TASK DESCRIPTION:
Write out the stretch of lines below that begins at the line with "6pc benzine brandstofinjectoren" and ends at the line with "Happy Hand Sanitizer Spray Unscented", including both, exactly as given and nothing more.

RAW DATA:
== Segment start ==

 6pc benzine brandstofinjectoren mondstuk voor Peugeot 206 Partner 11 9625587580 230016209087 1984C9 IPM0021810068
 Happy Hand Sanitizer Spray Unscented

== Segment end ==
== Segment start ==

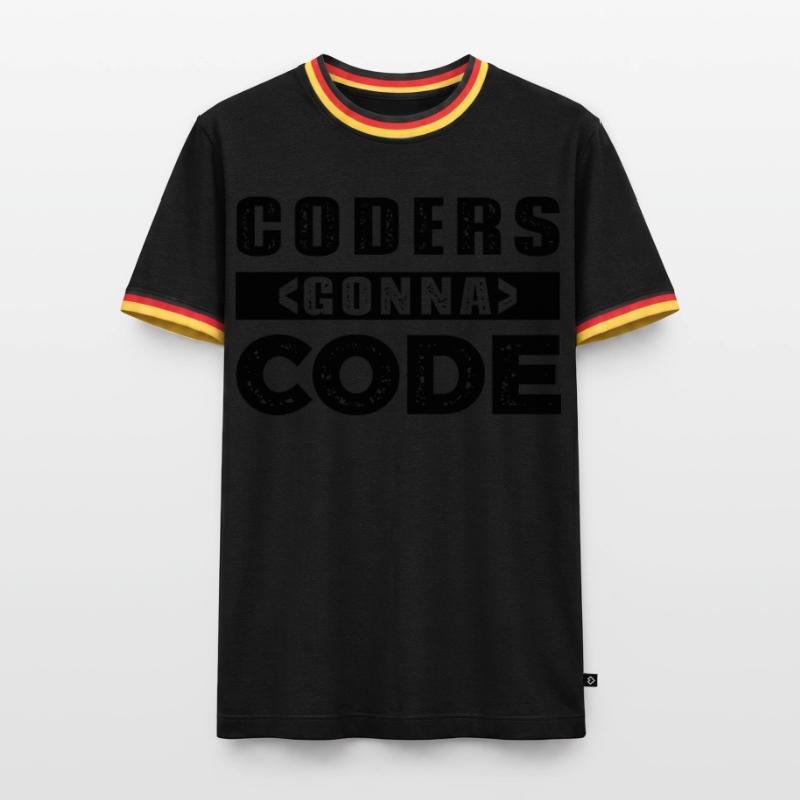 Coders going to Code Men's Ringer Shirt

== Segment end ==
== Segment start ==

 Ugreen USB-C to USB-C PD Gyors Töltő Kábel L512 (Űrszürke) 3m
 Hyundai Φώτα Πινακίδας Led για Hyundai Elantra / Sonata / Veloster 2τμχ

== Segment end ==

EXERCISE RESULT:
 6pc benzine brandstofinjectoren mondstuk voor Peugeot 206 Partner 11 9625587580 230016209087 1984C9 IPM0021810068
 Happy Hand Sanitizer Spray Unscented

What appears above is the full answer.